Data to process section start
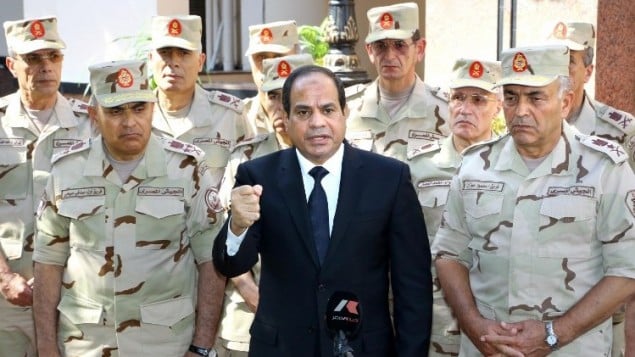 صورة مقدمة من مكتب الرئاسة المصرية  25 أكتوبر 2014  الرئيس عبد الفتاح السيسي مع الجنرالات العسكرية العليا، خلال مؤتمر صحفي بعد اجتماع طارئ للمجلس الأعلى للقوات المسلحة في القاهرة. حيث دخلت حالة الطوارئ حيز التنفيذ في معظم أنحاء شبه جزيرة سيناء المصرية بعد قتل 30 جنديا في تفجير سيارة مفخخة على يد من يشتبه بانهم جهاديين  AFP PHOTO / HO /EGYPTIAN PRESIDENCY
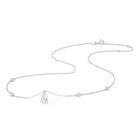A white gold necklace featuring a delicate chain with five small round bezel-set lab-grown diamonds spaced along the chain, ending with a pear-cut lab-grown diamond solitaire, shown on a white background - The Jewel Concierge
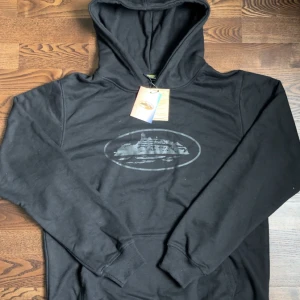 Corteiz Hoodie - Svart hoodie med ett coolt tryck av en byggnad i grått på bröstet. Klassisk huva, känguruficka och ribbade muddar. Perfekt för dig som gillar streetwear och vill ha en stilren look.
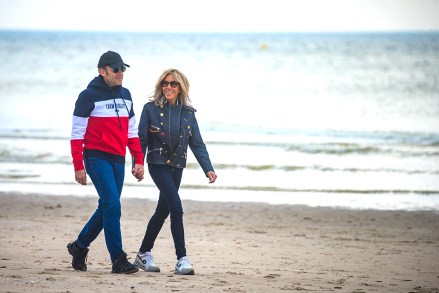 French President and candidate for re-election Emmanuel Macron (R) and his wife Brigitte Macron (L) walk on the beach of Le Touquet, France, 23 April 2022. Macron will face French far-right Rassemblement National (RN) party candidate Marine Le Pen in the second round of the presidential elections on 24 April 2022.
Emmanuel Macron in Le Touquet, France - 23 Apr 2022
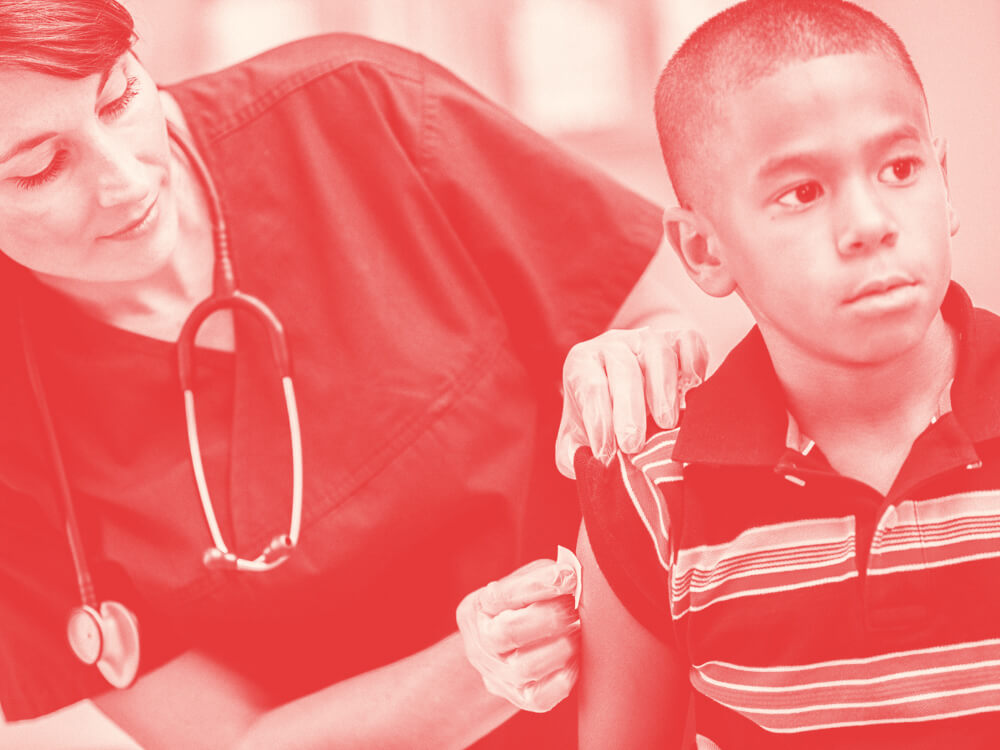 A pediatric nurse cleans a spot on a child’s upper arm.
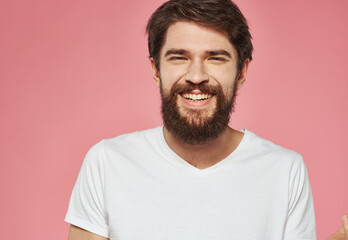 Portrait of a happy man with a beard on a pink background in a white T-shirt
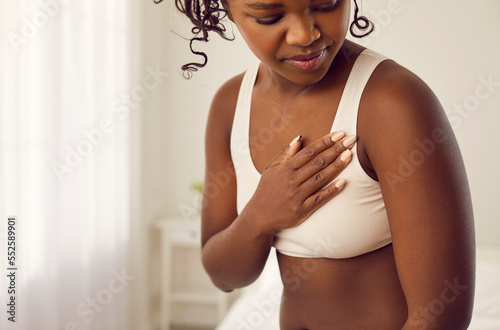 Beautiful young black woman in underwear suddenly feels pangs of pain and touches her chest. Heart attack, infarct, cardiac disease, mastitis, breast cancer symptoms concept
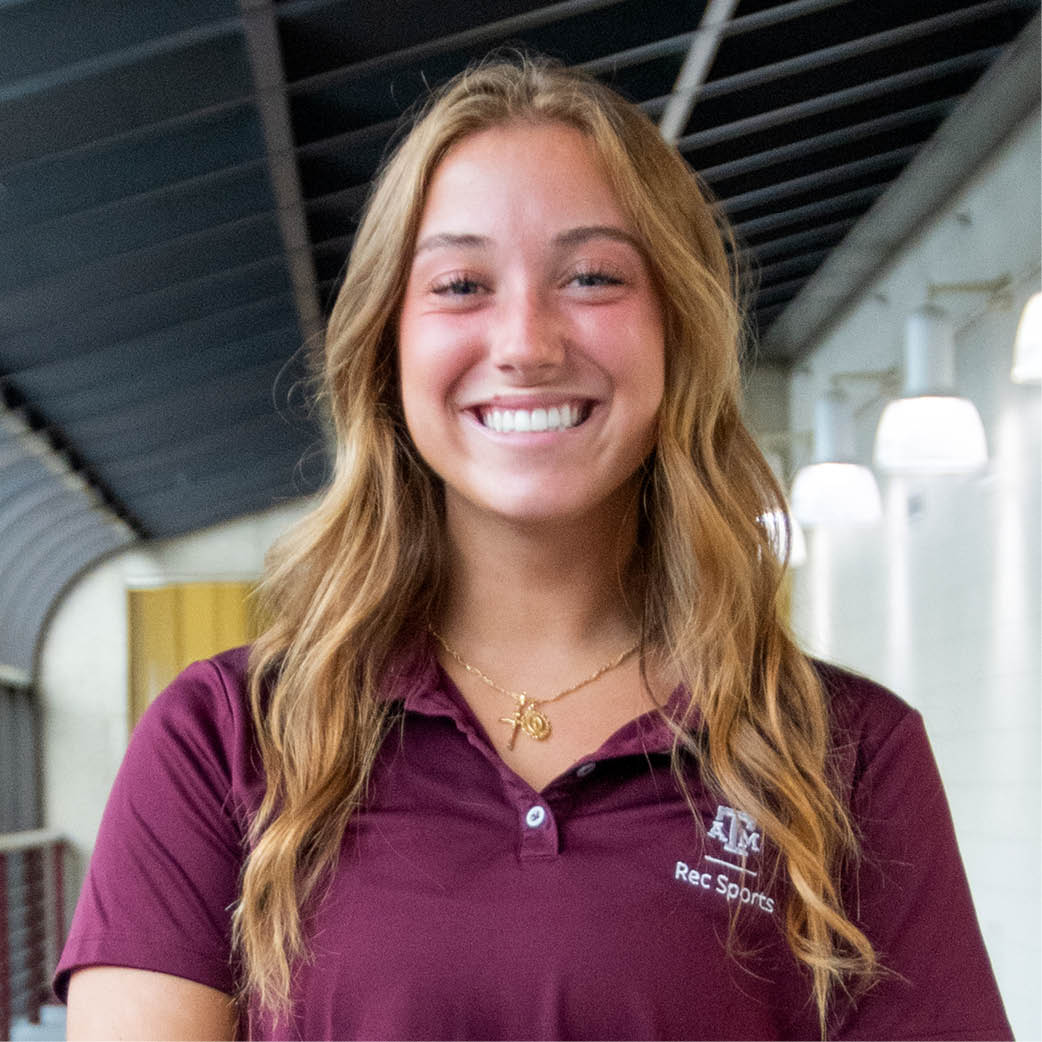 Portrait of Lola Kiliddjian standing on the track in the student rec center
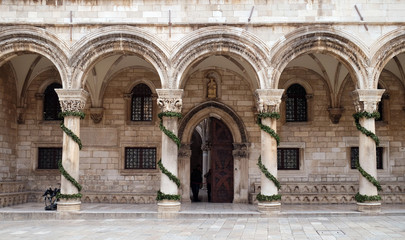 Fototapeta na wymiar Columns and exterior of the Duke's Palace (Knezev dvor) decorated with Advent wreaths in Dubrovnik, Croatia 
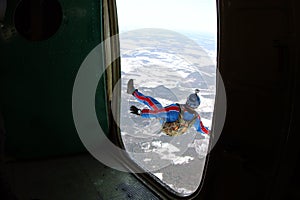 The opened door of an airplane. SKydiver has jumped out.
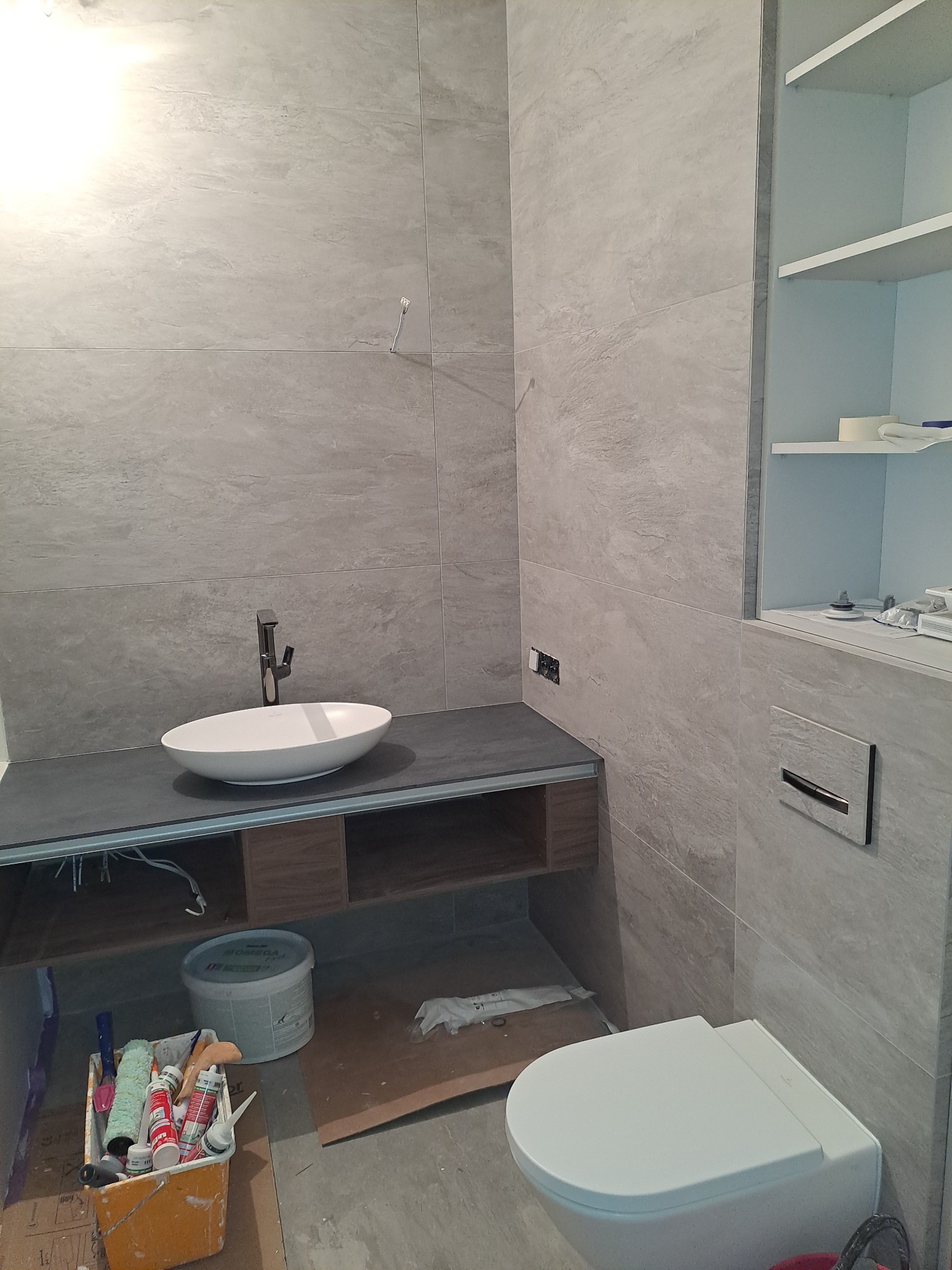 Nowoczesna łazienka w szarościach z umywalką nablatową, toaletą podwieszaną i zabudową. Widoczne narzędzia i materiały sugerują etap prac wykończeniowych.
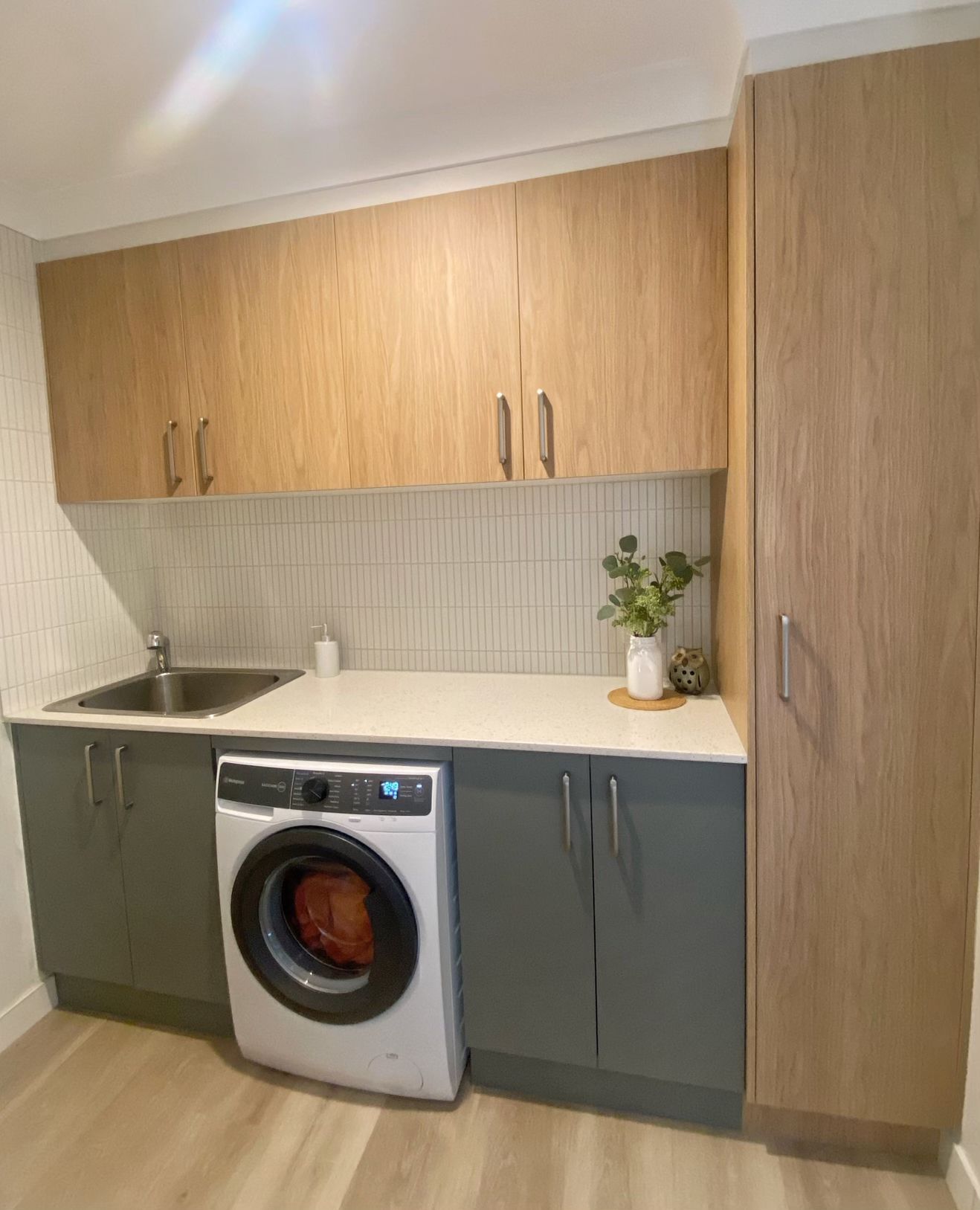 Small modern kitchen with wood cabinets — Piscopo Kitchens Plus In Forster, NSW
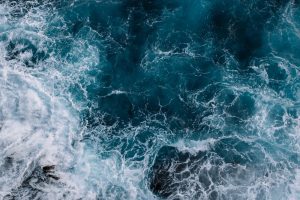 Aerial,View,To,Ocean,Waves.,Blue,Water,Background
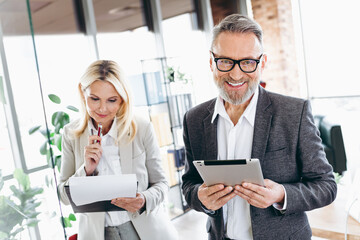 Professional team of mature businesspeople in an office collaborating with technology and documents, showcasing teamwork and dedication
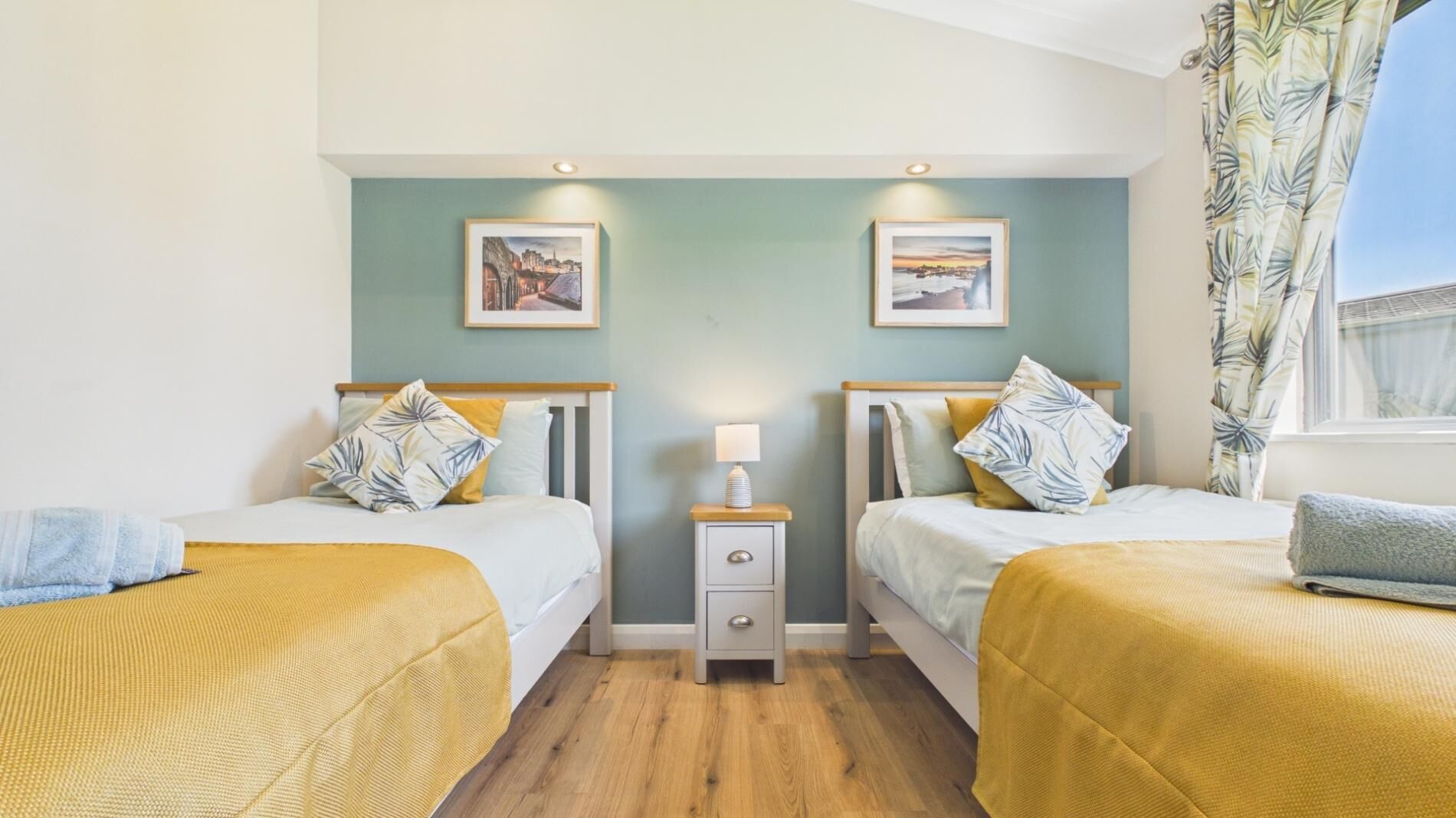 Une chambre double avec deux lits, une table de chevet et une fenêtre avec des rideaux.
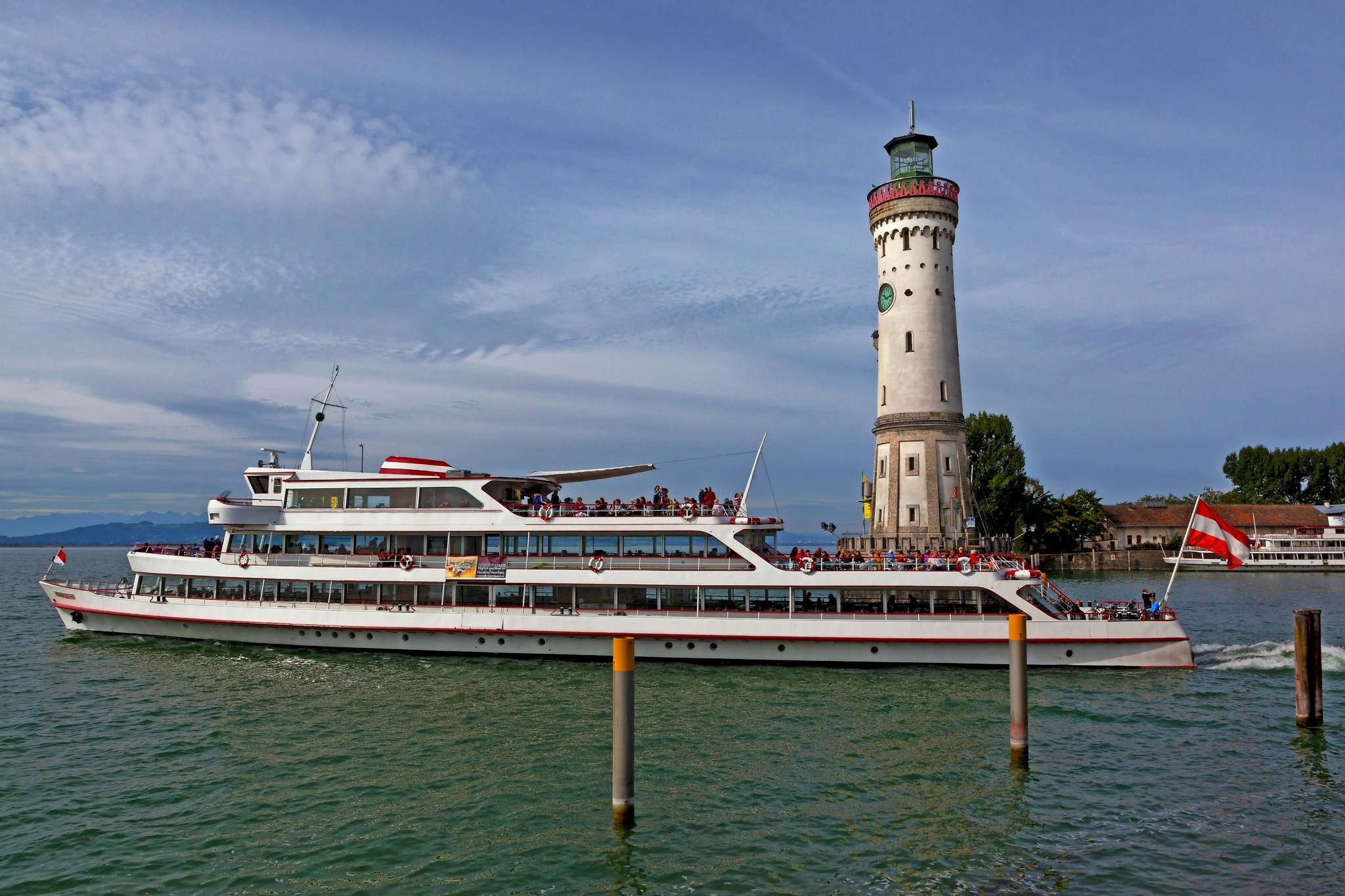Ein Ausflugsschiff fährt an einem Leuchtturm auf einem See vorbei.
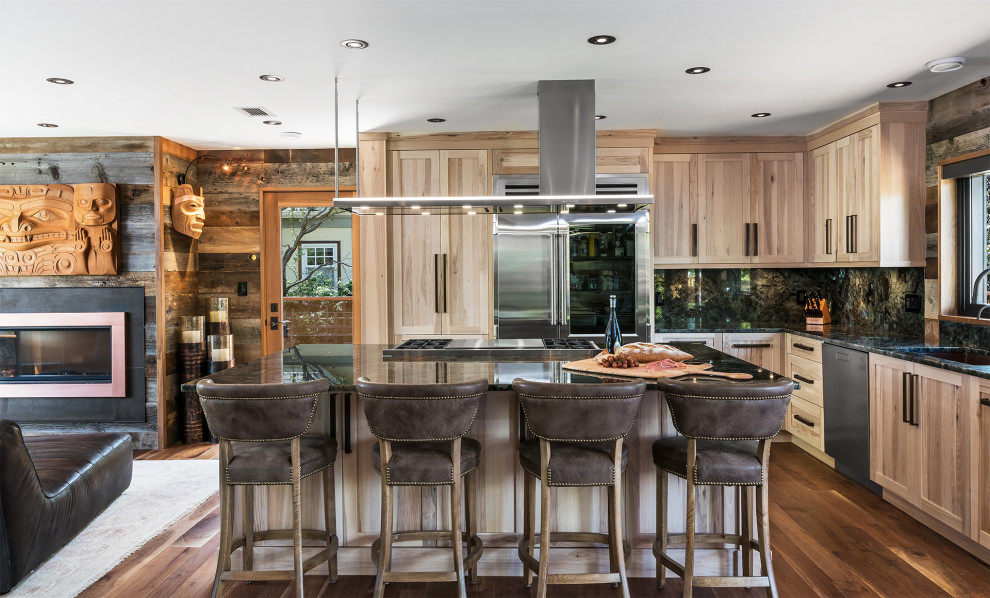 Example of a mid-sized mountain style l-shaped medium tone wood floor and brown floor open concept kitchen design with an undermount sink, shaker cabinets, light wood cabinets, granite countertops, granite backsplash, stainless steel appliances, an island, black backsplash and black countertops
Data to process section end
*Task brief:* Reproduce only the lines from the line with "Portrait of Lola" to the end of the entries. Keep both ends, copy them exactly, and omit every picture.

*Answer space:*
 Portrait of Lola Kiliddjian standing on the track in the student rec center
 Fototapeta na wymiar Columns and exterior of the Duke's Palace (Knezev dvor) decorated with Advent wreaths in Dubrovnik, Croatia 
 The opened door of an airplane. SKydiver has jumped out.
 Nowoczesna łazienka w szarościach z umywalką nablatową, toaletą podwieszaną i zabudową. Widoczne narzędzia i materiały sugerują etap prac wykończeniowych.
 Small modern kitchen with wood cabinets — Piscopo Kitchens Plus In Forster, NSW
 Aerial,View,To,Ocean,Waves.,Blue,Water,Background
 Professional team of mature businesspeople in an office collaborating with technology and documents, showcasing teamwork and dedication
 Une chambre double avec deux lits, une table de chevet et une fenêtre avec des rideaux.
Ein Ausflugsschiff fährt an einem Leuchtturm auf einem See vorbei.
 Example of a mid-sized mountain style l-shaped medium tone wood floor and brown floor open concept kitchen design with an undermount sink, shaker cabinets, light wood cabinets, granite countertops, granite backsplash, stainless steel appliances, an island, black backsplash and black countertops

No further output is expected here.